[AIM OF THE TASK]
Under this line are records; the part from the line containing "Golf Golf Golf Golf" through the line containing "Poinciana Beach Towel — Cream" should be repeated exactly. Please exclude pictures.

[GIVEN RECORDS]
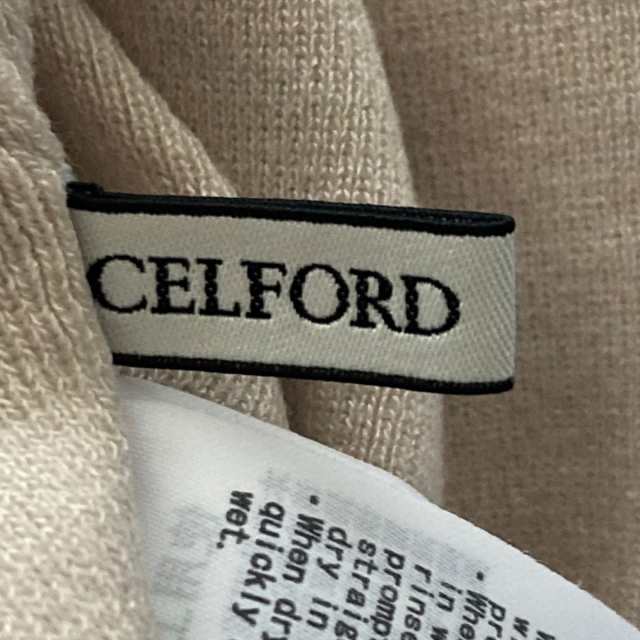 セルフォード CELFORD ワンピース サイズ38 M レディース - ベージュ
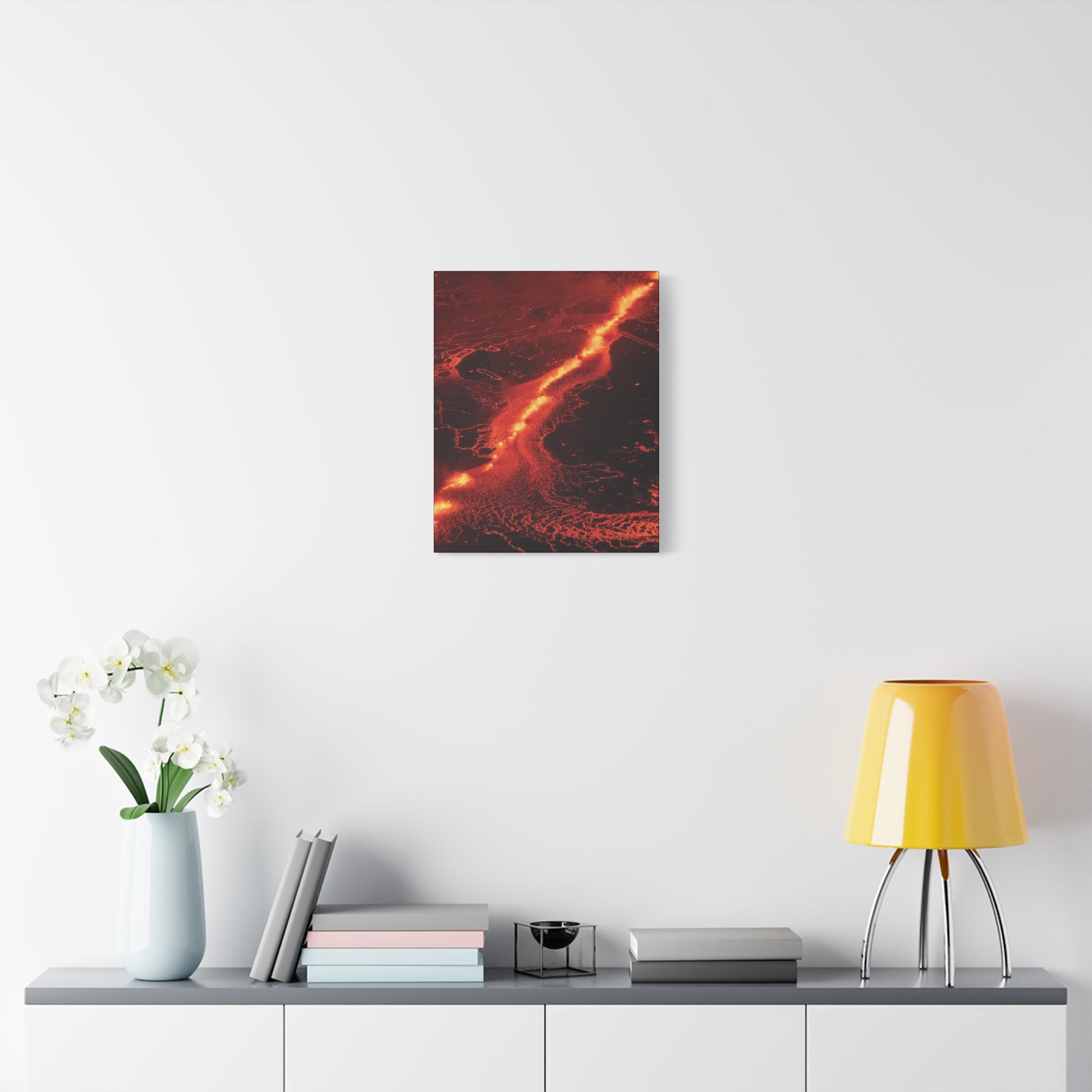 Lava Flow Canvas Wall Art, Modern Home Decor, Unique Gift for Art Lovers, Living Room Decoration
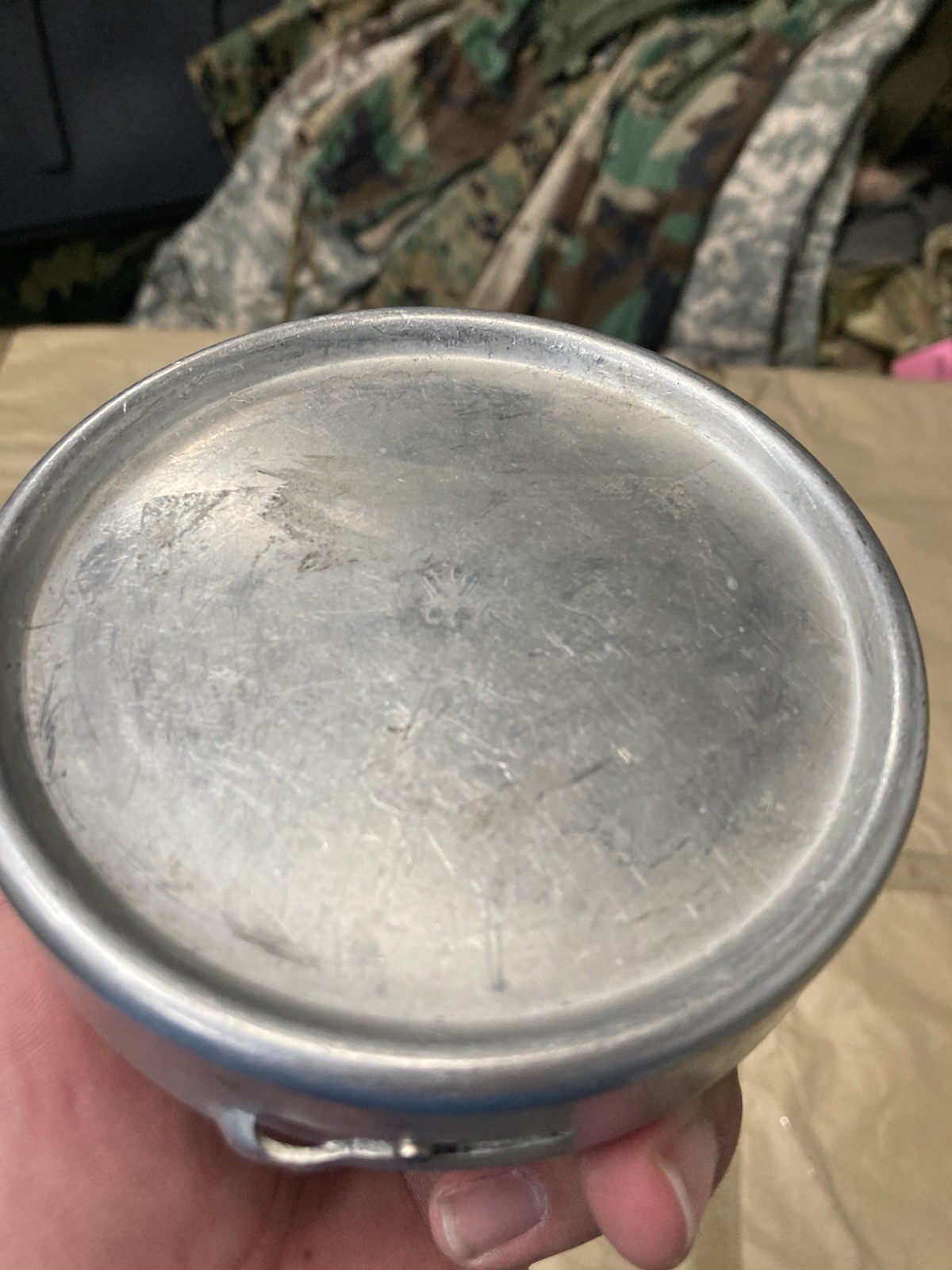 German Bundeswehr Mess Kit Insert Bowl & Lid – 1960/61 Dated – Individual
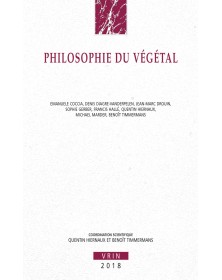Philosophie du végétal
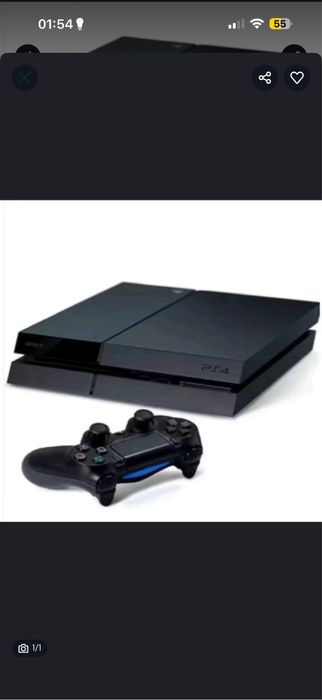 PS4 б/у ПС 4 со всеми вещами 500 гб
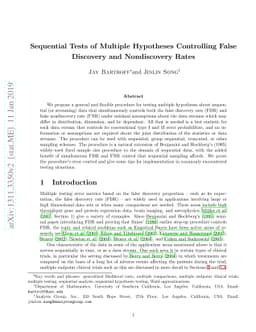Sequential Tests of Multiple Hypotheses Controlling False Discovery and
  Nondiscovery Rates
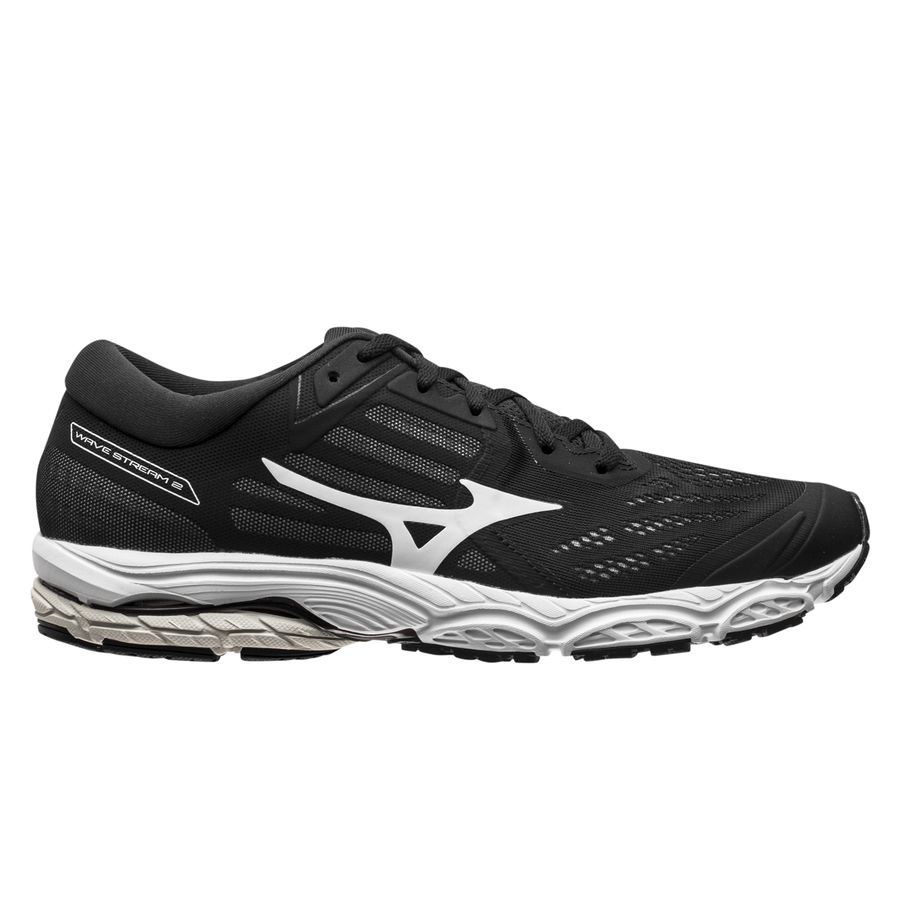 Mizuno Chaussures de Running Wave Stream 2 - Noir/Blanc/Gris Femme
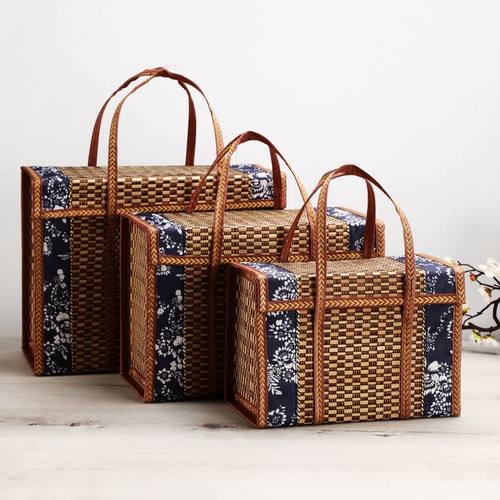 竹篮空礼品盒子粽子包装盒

* * *

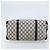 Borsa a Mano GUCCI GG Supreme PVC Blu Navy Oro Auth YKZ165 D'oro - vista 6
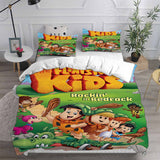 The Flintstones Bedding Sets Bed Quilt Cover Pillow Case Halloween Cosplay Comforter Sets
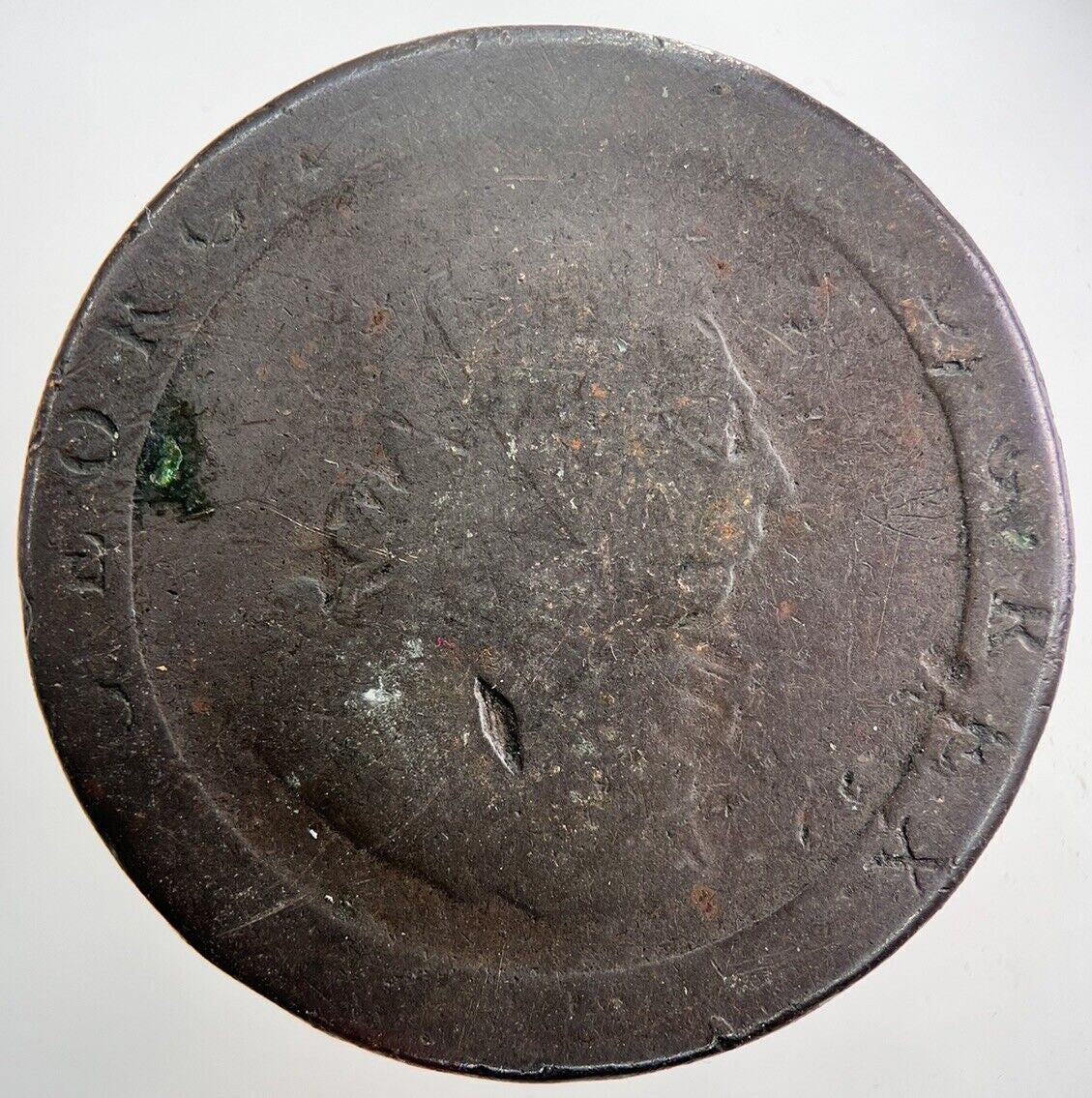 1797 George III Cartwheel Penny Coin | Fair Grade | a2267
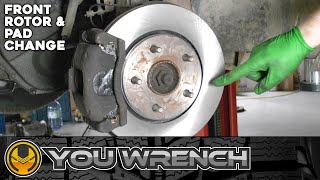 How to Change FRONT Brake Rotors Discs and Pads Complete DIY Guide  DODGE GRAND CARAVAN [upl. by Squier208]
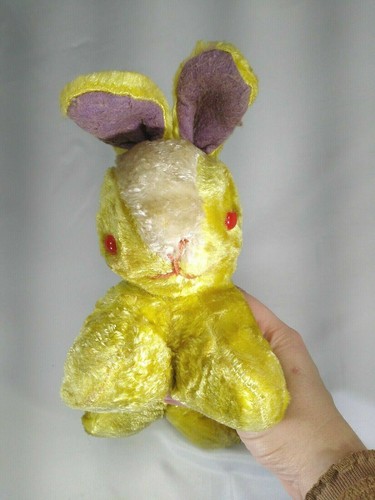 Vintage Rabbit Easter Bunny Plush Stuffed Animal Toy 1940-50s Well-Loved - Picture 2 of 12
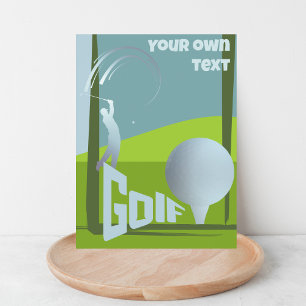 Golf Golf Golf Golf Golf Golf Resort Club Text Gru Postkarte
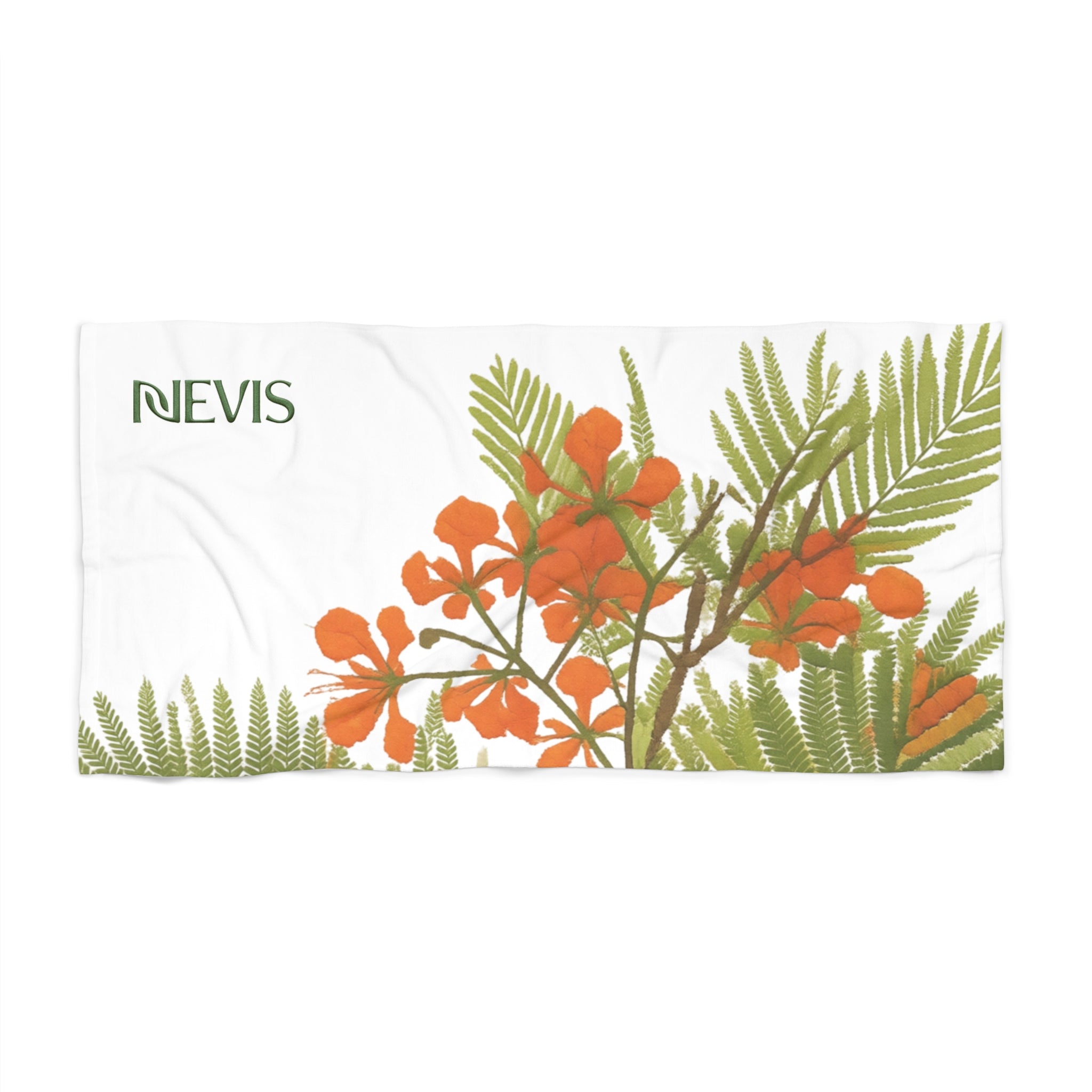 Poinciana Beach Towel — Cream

[RESPONSE FOR THIS EXERCISE]
 Golf Golf Golf Golf Golf Golf Resort Club Text Gru Postkarte
 Poinciana Beach Towel — Cream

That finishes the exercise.